> **Supplied data**

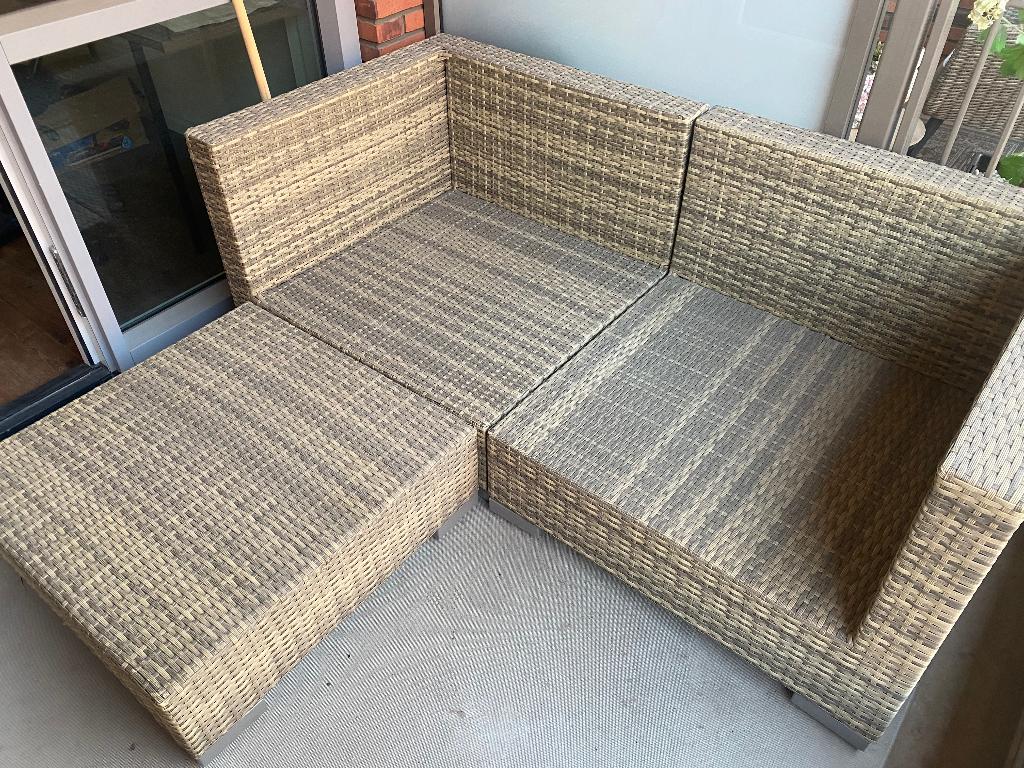 Driedelige loungeset zonder kussens, Tuin en Terras, Kunststof, Bank, Zo goed als nieuw, Loungeset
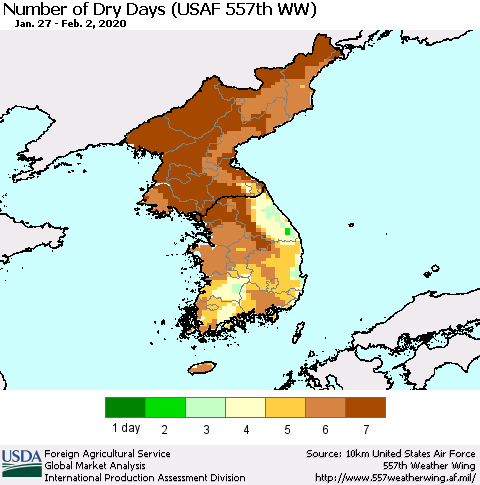 Korea Number of Dry Days (USAF 557th WW) Thematic Map For 1/27/2020 - 2/2/2020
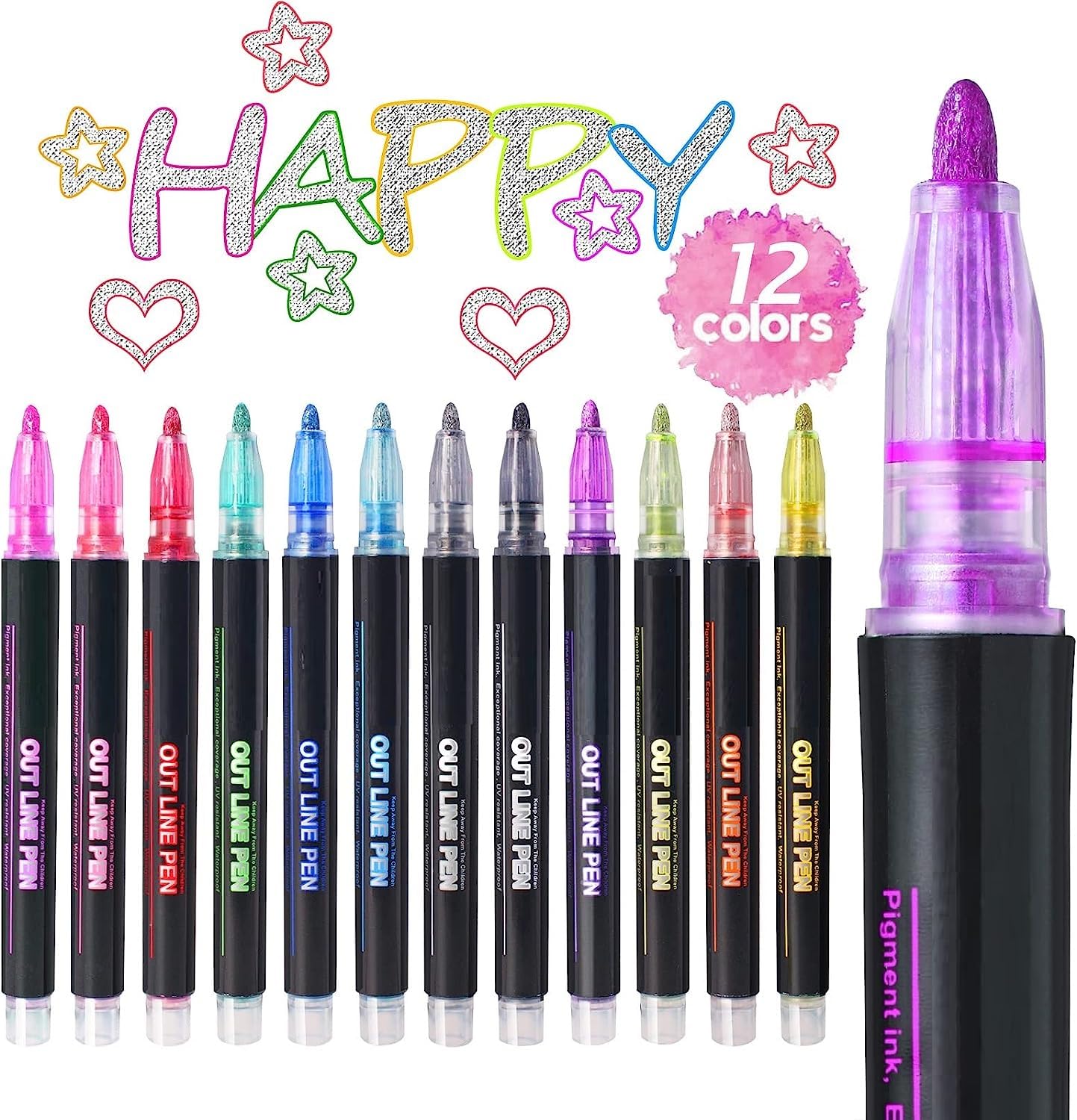 Amitasha 12 Pc Colorful Double Line Outline Markers Metallic Glitter Pen Set For Painting, Greeting Cards, Glass, Mug, Scrapbook Crafts, Fabric, Fine Ideal Art Products (B09RQX8WW5) Amazon Price History, Amazon Price Tracker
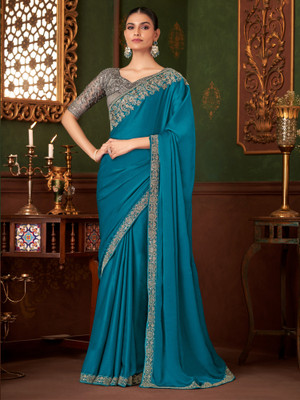 Tasrika Embellished Bollywood Chiffon Saree(Blue)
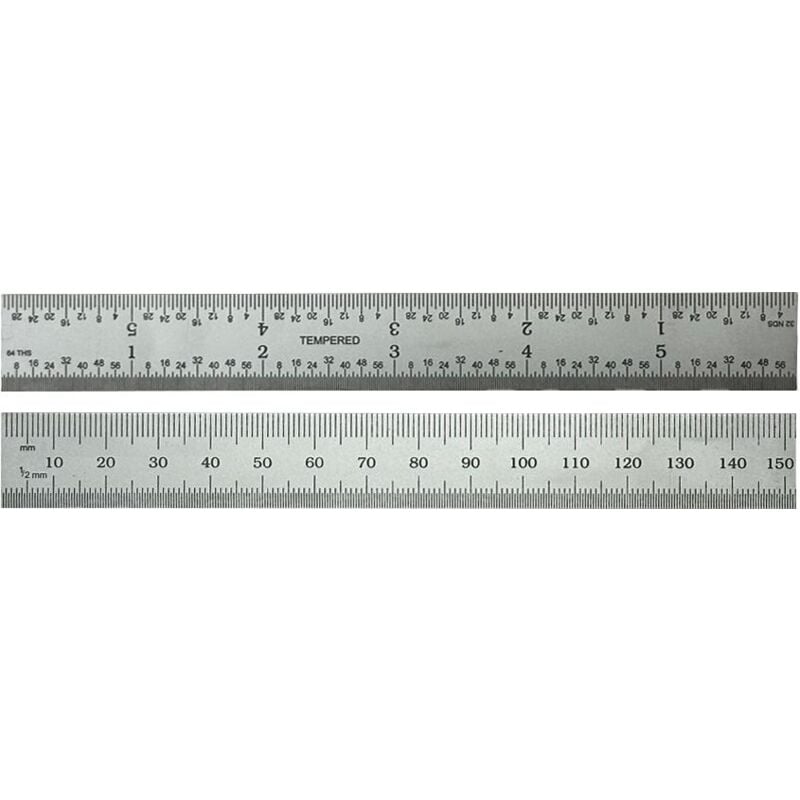 Rs Pro - Règle 150mm Impérial, Métrique, en Acier ( Prix pour 1 )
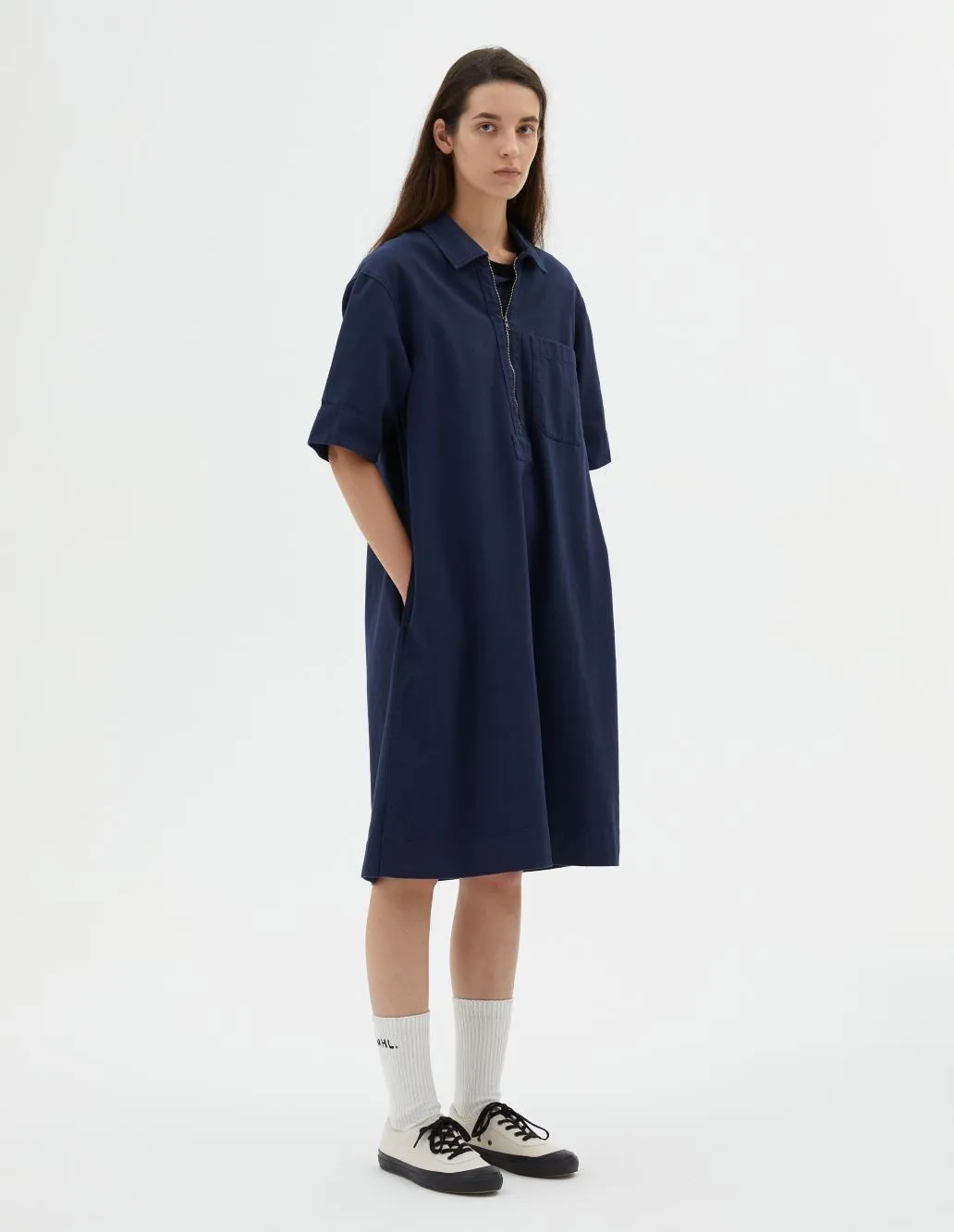 MHL W' Utility Dress Worn Cotton Drill Indigo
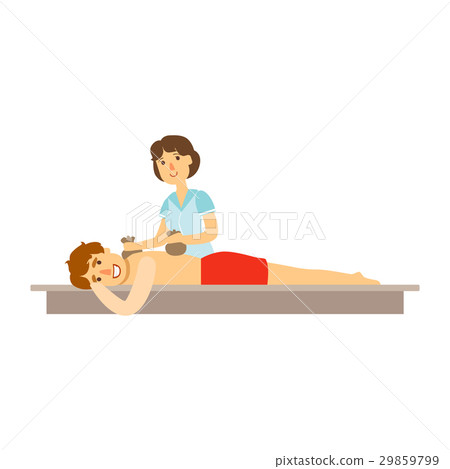 Young man receiving massage with two bags for a Young man receiving massage with two bags for a 29859799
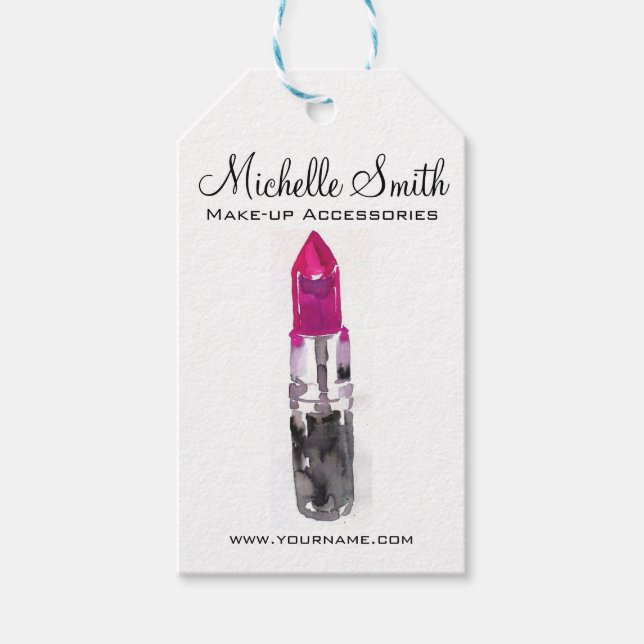 Étiquettes-cadeau Rouge rouge à lèvres rose rose noir (Devant)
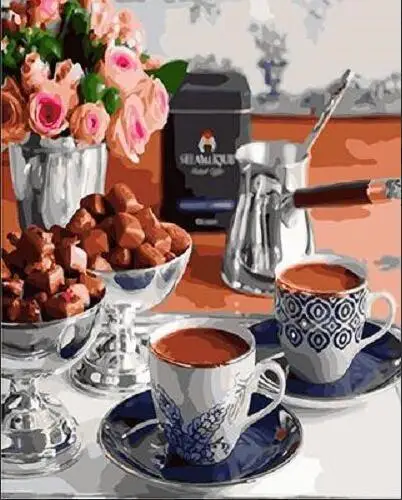 Over a cup of cocoa still life painting 40x50cm Framed DIY oil painting by numbers on canvas hand painted picture home decor
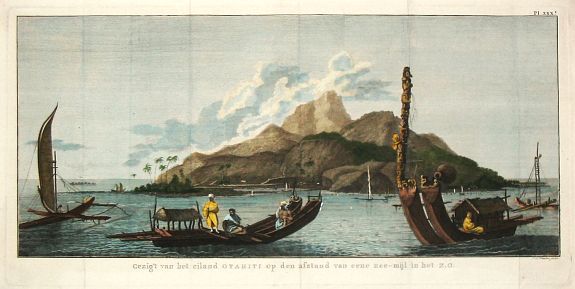 Cook, J., Gezigt van het eiland Otahiti op den afstand van eene zee-mijl in het Z.O., antique map, old maps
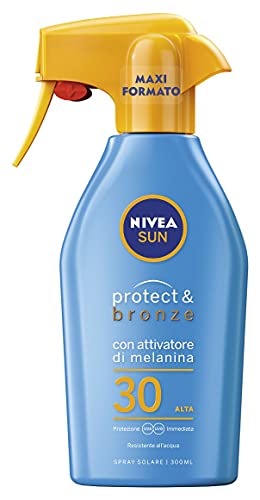Nivea SUN Maxi Spray Solare Protect & Bronze FP30 in flacone da 300 ml, Spray protettivo, Crema solare per un abbronzatura dorata, intensa e uniforme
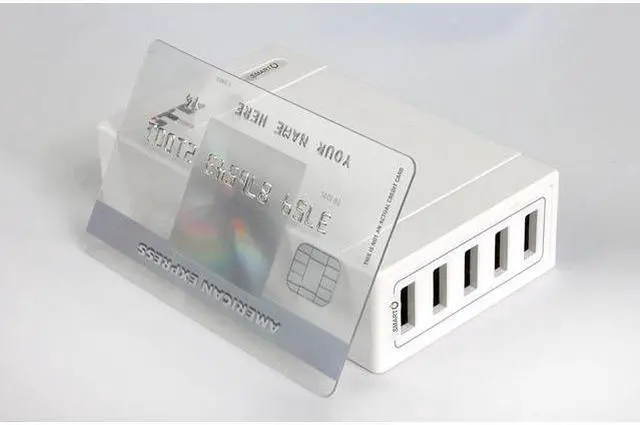 Alt view image 4 of 6 - JTD ® 40W (5V8A) 5-Port High Speed Desktop USB Wall Charger Quick Charge with SMART POWERTM Technology for iPhone, iPad Air 2, Samsung Galaxy S6 / S6 Edge, Nexus, HTC M9, Nokia and More (White)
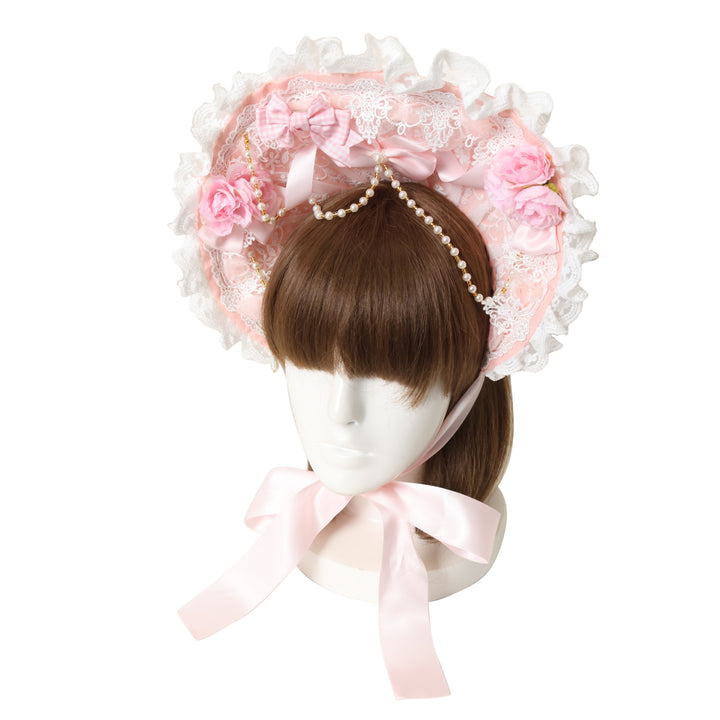USED】【Alice Doll】レースローズハーフボンネット(オレンジピンク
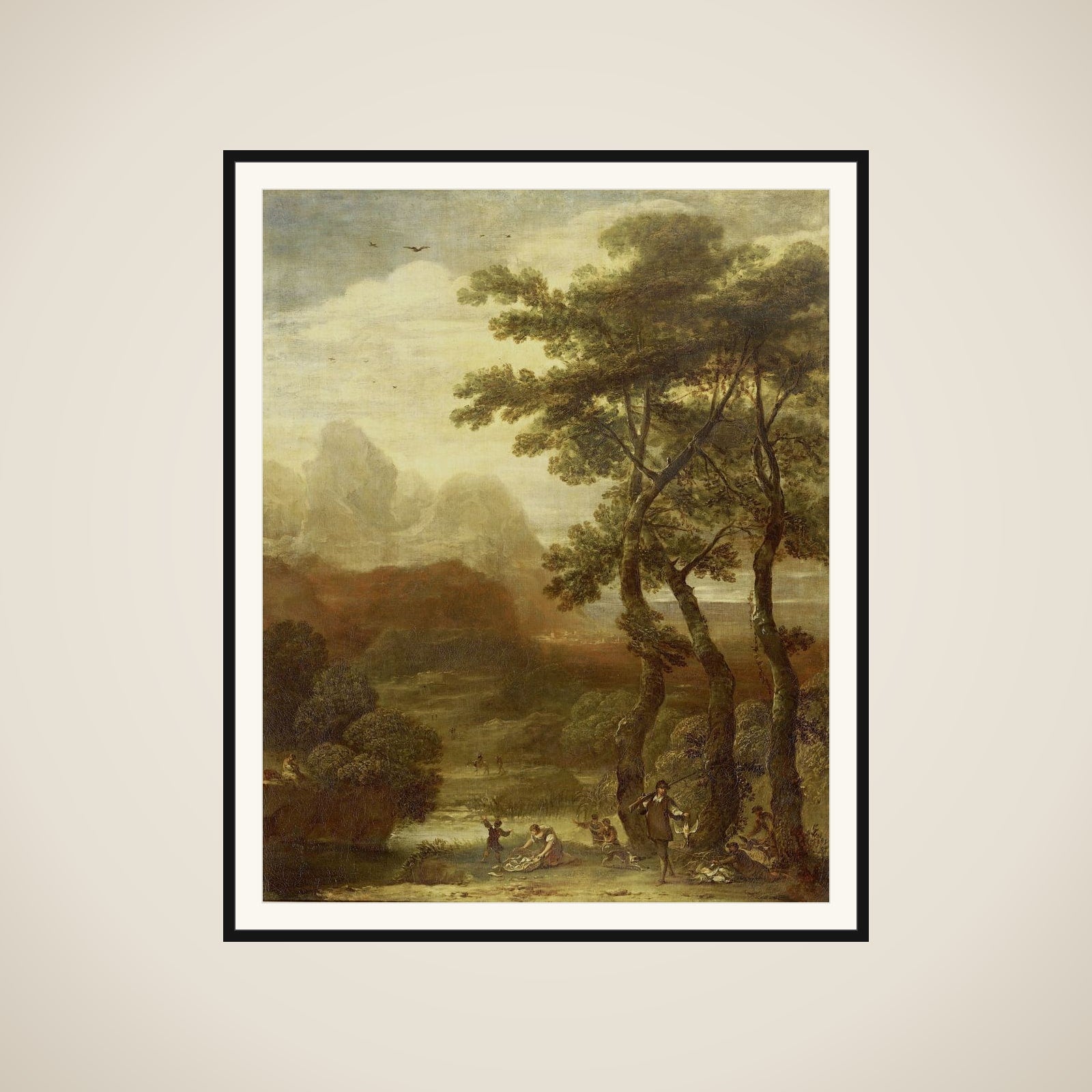 Landscape with Hunters framed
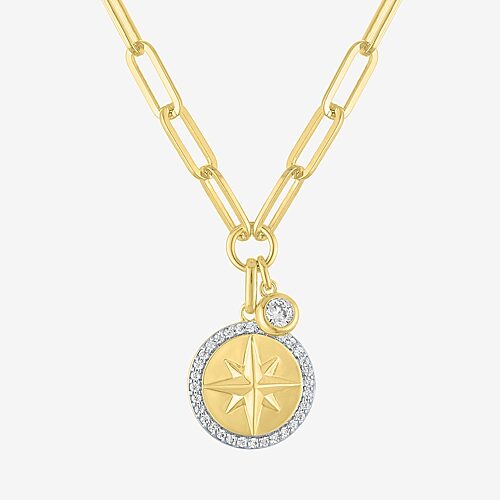 Fine Jewelry (g-h / Si1-si2) Womens 1/3 Ct. T.w. Lab Grown White Diamond 14k Gold Over Brass 18 Inch Pendant Neck In Yellow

> **Task objective**
Copy out the listing above from the line containing "Rs Pro - Règle" to the line containing "USED】【Alice Doll】レースローズハーフボンネット(オレンジピンク", both included, exactly as written and minus the images.

> **Result for this task**
 Rs Pro - Règle 150mm Impérial, Métrique, en Acier ( Prix pour 1 )
 MHL W' Utility Dress Worn Cotton Drill Indigo
 Young man receiving massage with two bags for a Young man receiving massage with two bags for a 29859799
 Étiquettes-cadeau Rouge rouge à lèvres rose rose noir (Devant)
 Over a cup of cocoa still life painting 40x50cm Framed DIY oil painting by numbers on canvas hand painted picture home decor
 Cook, J., Gezigt van het eiland Otahiti op den afstand van eene zee-mijl in het Z.O., antique map, old maps
Nivea SUN Maxi Spray Solare Protect & Bronze FP30 in flacone da 300 ml, Spray protettivo, Crema solare per un abbronzatura dorata, intensa e uniforme
 Alt view image 4 of 6 - JTD ® 40W (5V8A) 5-Port High Speed Desktop USB Wall Charger Quick Charge with SMART POWERTM Technology for iPhone, iPad Air 2, Samsung Galaxy S6 / S6 Edge, Nexus, HTC M9, Nokia and More (White)
USED】【Alice Doll】レースローズハーフボンネット(オレンジピンク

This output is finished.